Why: Standard HTTP file upload (multipart/form-data) works for small files. Candidates use the same approach for 5 GB videos. Mobile uploads on spotty connections drop frequently. Without resume, the user uploads 4.9 GB, the connection drops, and they start over.
Same CDN Strategy for All Videos
We chose a popularity-tiered CDN strategy (not uniform caching for all videos) because the top 1% of videos get 80% of views (power-law distribution). Pushing all 1 billion videos to every edge POP is impossible (the storage cost exceeds the CDN budget). Relying only on origin pull for viral videos triggers thundering herd cache misses. Trade-off: tiered caching adds complexity in the form of popularity tracking and promotion logic, but it matches CDN resources to actual demand.
Why: Candidates say 'use CDN' as a one-size-fits-all answer. But the top 1% of videos get 80% of views. Conversely, relying only on origin pull for viral videos means the first million viewers all trigger cache misses, overwhelming the origin.

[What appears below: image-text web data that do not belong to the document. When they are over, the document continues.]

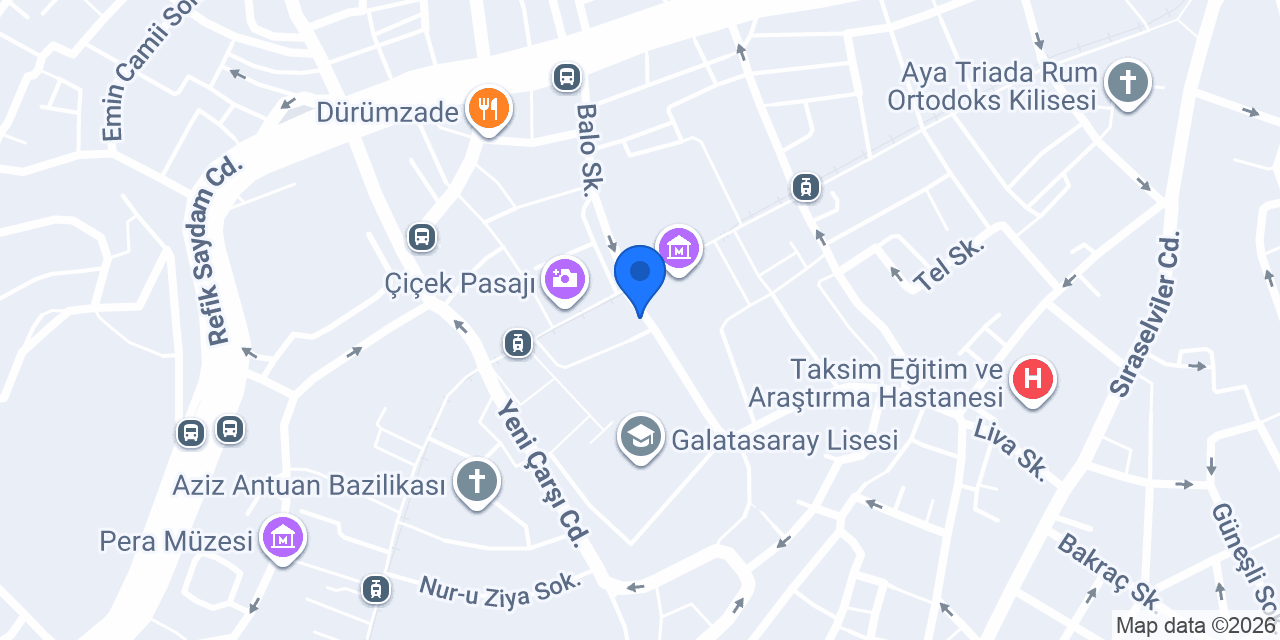 Hayvore Karadeniz Mutfağı konumu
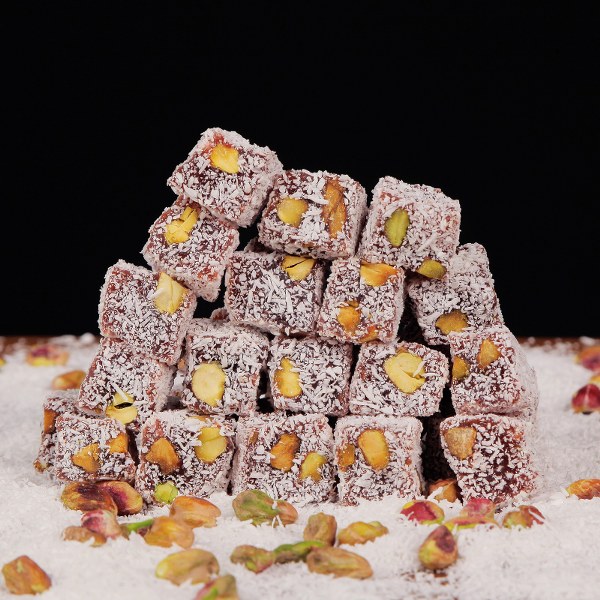 Karadutlu Çifte Kavrulmuş Antep Fıstıklı Kuş Lokumu 1 KG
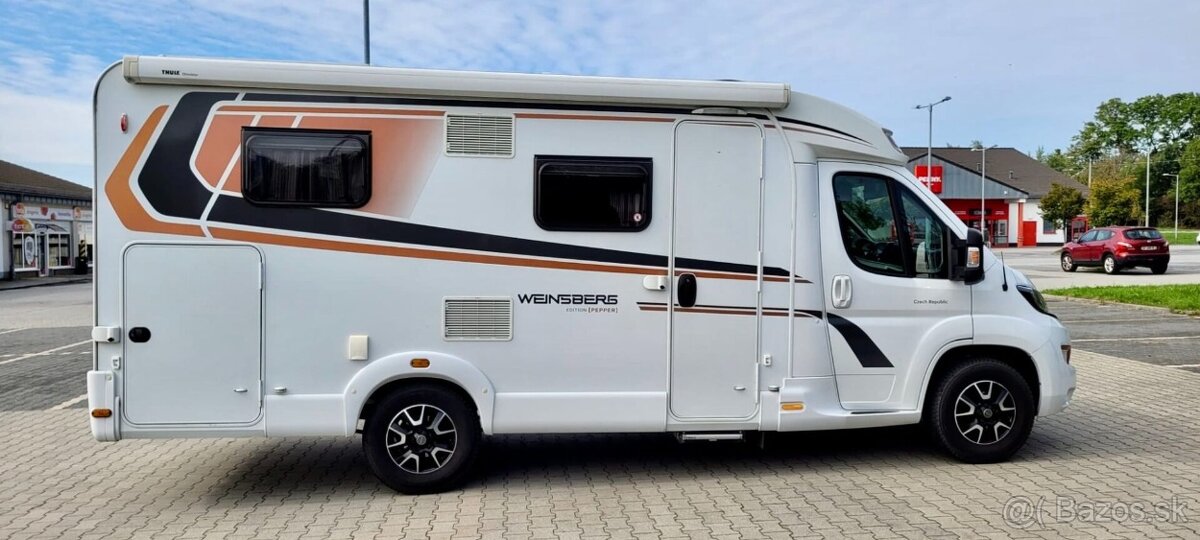 Obytný vůz Weinsberg CaraCompact 600 MEG - 5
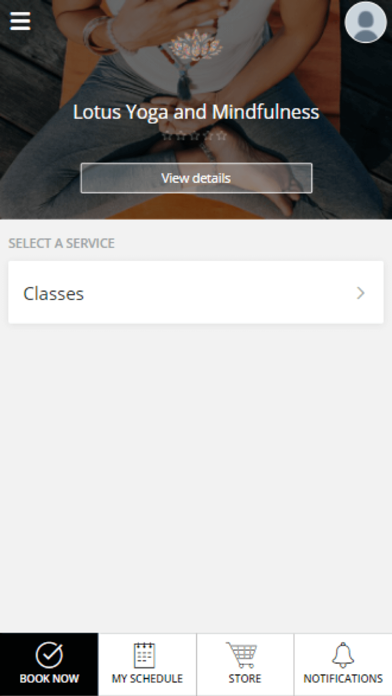 Lotus Yoga and Mindfulness Screenshot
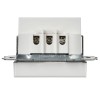 Выключатель карточный BRITE 30А ВС10-1-8-БрБ механизм бел. IEK BR-V11-0-10-K01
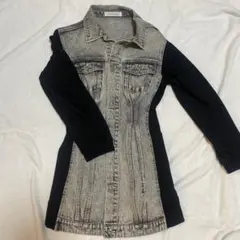 大幅値下げ！SPIRALGIRL ミニワンピース 長袖　デニム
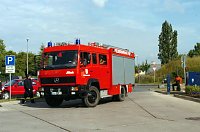 Bild: Einsatz&uuml;bung Feuerwehr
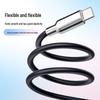 100W Fast-Charging Magnetic Type-C Cable with Storage, Compatible for iPhone 17, Android, Huawei.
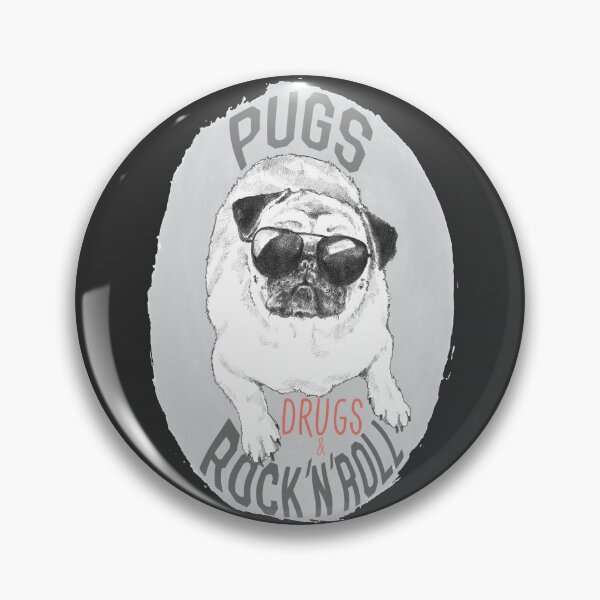 Item preview, Pug Rocks designed and sold by karolaan.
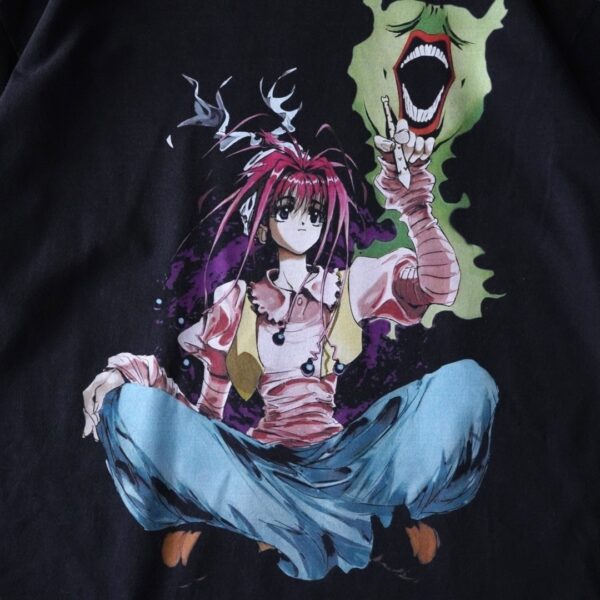 "ネオンのリャンメン / HUNTER×HUNTER" double side print tee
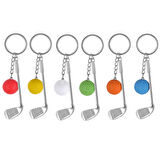 Golf Anahtarlık - Golf Severlere Özel Hediyelik Anahtarlık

Real-Time View Counting on Every Request
We chose Kafka async ingestion with batch MySQL updates (not synchronous per-view database increments) because at 46K views/sec, InnoDB row-level locking on a hot video row serializes all writes. We use Redis INCR for the real-time display and batch the MySQL authoritative count every 30 seconds. Trade-off: the MySQL count lags by up to 30 seconds, but viewers see a real-time number from Redis and the database avoids write hotspot meltdown.
Why: The simplest implementation is UPDATE videos SET view_count = view_count + 1 WHERE video_id = ?. This works at 100 views/sec. At 46K views/sec with hot videos receiving thousands of concurrent increments, every view waits in a lock queue, and p99 write latency spikes from 5ms to 500ms+.